Netflix’s debut coverage of Major League Baseball’s Opening Night game drew the second-largest audience for a traditional Opening Day telecast since 2017, with nearly 3 million US viewers.

The 2026 regular-season opener between the New York Yankees and San Francisco Giants averaged 2.97 million viewers on Netflix, according to Nielsen’s Big Data + Panel measurement system.

Netflix fell short of the 3 million mark by 32,000 impressions. Still, the audience was the largest for an Opening Night game since the COVID-affected 2020 season—and the largest outside of that irregular year since Cubs-Cardinals opened the 2017 campaign in front of 3.62 million viewers. Yankees-Nationals averaged 4.01 million viewers for the COVID-delayed 2020 MLB opener, which was played in July.

With streaming attracting younger audiences, the game delivered MLB’s youngest Opening Day audience in a decade. Among those who streamed, 1.38 million viewers were adults aged 18–49, including 636,000 adults aged 18–34.

The game marked the start of a new three-year, three-event MLB rights deal for Netflix. In addition to Opening Night, Netflix will also carry the annual Home Run Derby and the 2026 return of the MLB at Field of Dreams game.

Under its strategy of airing a small number of special-event games each season, Netflix’s rights could eventually expand to include events such as “MLB at Rickwood Field” or “MLB Speedway.”

Netflix is reportedly paying $150 million for the three-year deal, which covers three marquee events annually and was acquired from the package ESPN opted out of early last year.
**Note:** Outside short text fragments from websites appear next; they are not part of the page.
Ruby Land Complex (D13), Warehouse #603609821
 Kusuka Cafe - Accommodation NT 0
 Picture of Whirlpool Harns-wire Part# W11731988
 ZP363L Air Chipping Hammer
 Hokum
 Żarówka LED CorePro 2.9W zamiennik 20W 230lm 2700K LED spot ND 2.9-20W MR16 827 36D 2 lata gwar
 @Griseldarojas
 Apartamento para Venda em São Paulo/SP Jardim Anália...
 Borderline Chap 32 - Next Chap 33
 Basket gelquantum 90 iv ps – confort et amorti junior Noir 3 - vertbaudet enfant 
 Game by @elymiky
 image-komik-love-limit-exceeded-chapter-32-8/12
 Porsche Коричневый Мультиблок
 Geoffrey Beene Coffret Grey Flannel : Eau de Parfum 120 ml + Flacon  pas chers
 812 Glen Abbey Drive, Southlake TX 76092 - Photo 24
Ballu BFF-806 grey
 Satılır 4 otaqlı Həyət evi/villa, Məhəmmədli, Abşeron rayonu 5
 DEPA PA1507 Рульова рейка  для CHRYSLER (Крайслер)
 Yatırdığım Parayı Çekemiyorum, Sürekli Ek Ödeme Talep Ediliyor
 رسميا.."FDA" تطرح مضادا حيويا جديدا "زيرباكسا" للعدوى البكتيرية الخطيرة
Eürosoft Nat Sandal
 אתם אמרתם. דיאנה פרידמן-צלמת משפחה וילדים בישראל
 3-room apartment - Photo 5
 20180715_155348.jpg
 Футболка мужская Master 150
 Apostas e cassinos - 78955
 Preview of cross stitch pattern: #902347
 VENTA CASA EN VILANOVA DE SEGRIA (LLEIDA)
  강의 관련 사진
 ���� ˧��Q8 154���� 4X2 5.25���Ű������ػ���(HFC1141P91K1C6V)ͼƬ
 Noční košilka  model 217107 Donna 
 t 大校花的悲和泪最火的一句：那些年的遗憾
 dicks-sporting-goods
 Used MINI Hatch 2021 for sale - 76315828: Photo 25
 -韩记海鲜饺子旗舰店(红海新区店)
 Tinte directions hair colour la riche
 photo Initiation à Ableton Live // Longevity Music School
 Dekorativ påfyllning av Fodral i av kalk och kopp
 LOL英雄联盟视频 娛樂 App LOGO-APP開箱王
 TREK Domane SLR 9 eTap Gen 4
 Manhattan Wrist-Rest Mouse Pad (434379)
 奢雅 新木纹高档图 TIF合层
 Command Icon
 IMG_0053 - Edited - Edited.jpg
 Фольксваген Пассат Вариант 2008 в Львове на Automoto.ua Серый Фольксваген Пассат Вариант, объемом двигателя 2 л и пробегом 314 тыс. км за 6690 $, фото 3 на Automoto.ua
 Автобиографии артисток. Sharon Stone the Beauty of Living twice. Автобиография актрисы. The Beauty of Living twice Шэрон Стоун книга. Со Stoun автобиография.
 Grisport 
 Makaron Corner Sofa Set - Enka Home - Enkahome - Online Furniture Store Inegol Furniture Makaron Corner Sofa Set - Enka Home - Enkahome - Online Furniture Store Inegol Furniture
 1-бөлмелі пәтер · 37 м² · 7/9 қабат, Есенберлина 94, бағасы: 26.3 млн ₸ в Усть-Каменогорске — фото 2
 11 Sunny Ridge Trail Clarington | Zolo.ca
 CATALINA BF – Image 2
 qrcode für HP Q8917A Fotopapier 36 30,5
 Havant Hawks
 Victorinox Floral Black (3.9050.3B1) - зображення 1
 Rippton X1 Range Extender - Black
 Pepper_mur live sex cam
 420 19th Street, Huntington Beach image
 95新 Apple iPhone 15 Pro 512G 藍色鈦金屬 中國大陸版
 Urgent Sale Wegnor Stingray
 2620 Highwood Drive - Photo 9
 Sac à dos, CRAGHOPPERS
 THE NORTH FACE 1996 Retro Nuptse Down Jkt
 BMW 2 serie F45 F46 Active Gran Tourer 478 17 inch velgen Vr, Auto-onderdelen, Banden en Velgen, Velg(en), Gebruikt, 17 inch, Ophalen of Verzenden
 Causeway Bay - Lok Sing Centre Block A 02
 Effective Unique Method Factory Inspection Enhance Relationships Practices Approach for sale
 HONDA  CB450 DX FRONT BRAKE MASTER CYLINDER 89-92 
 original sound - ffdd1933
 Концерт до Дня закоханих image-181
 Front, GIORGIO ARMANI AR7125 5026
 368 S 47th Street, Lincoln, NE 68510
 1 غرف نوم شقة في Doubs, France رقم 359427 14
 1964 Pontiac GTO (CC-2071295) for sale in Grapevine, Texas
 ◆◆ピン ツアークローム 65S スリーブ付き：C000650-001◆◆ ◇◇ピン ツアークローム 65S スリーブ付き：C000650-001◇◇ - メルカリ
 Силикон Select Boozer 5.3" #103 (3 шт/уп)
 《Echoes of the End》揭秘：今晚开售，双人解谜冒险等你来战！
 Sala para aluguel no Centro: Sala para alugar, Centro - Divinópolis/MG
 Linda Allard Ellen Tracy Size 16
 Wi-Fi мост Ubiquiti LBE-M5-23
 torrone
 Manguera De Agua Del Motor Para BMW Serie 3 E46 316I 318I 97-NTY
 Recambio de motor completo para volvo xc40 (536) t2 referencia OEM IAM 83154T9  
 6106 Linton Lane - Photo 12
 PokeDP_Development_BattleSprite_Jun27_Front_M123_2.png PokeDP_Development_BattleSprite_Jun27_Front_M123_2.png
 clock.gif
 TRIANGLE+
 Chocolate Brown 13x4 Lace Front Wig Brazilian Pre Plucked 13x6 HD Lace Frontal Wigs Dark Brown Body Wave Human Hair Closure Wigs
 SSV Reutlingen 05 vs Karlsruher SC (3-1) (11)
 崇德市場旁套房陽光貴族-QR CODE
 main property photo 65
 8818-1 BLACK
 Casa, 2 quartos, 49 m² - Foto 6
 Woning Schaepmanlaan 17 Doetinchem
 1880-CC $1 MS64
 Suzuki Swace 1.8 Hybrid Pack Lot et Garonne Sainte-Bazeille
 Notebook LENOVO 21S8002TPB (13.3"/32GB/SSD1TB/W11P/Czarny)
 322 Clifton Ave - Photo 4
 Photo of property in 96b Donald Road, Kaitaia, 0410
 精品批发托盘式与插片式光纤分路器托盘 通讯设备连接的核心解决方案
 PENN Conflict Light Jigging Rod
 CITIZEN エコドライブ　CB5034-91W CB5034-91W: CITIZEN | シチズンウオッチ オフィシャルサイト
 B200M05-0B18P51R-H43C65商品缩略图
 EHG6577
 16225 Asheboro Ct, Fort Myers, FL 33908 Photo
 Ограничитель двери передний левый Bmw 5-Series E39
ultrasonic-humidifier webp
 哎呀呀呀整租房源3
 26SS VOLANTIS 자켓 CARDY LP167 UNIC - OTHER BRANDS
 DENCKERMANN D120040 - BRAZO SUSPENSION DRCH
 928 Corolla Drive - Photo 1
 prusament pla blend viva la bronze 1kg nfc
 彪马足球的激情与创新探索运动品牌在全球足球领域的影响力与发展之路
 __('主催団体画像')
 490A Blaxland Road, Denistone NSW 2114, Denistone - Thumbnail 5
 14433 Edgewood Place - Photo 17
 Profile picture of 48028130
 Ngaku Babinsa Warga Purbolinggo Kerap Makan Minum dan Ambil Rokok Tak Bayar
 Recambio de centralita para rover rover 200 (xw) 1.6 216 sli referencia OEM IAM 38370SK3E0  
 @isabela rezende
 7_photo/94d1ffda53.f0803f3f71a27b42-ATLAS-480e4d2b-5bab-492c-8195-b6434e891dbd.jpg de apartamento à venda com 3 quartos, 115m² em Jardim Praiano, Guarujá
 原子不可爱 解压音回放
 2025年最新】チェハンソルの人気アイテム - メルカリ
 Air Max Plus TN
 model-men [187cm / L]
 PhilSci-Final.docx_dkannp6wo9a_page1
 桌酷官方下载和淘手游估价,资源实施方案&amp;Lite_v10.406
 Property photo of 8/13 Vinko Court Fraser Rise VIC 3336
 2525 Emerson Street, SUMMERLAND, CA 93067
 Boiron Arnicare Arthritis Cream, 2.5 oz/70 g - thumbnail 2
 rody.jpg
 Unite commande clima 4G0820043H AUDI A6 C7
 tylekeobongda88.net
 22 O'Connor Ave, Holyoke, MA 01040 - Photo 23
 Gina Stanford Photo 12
Disney’s sports network chose to end its long-running MLB partnership at the end of the 2025 season after MLB declined ESPN’s request to reduce the annual rights fee.

Netflix’s sports strategy emphasizes high-impact, limited-run events rather than full-season weekly schedules. The MLB events join a broader push into live sports that already includes NFL Christmas Day games, WWE’s flagship program Raw, the 2026 World Baseball Classic, Formula 1’s Canadian Grand Prix in 2026, the FIFA Women’s World Cup in 2027 and 2031, and high-profile boxing matches—largely focusing on “mega-events” featuring popular celebrities, legends, and top-tier contenders.

These live rights complement Netflix’s growing slate of sports docuseries, including Drive to Survive (Formula 1), Full Swing (golf), and Break Point (tennis).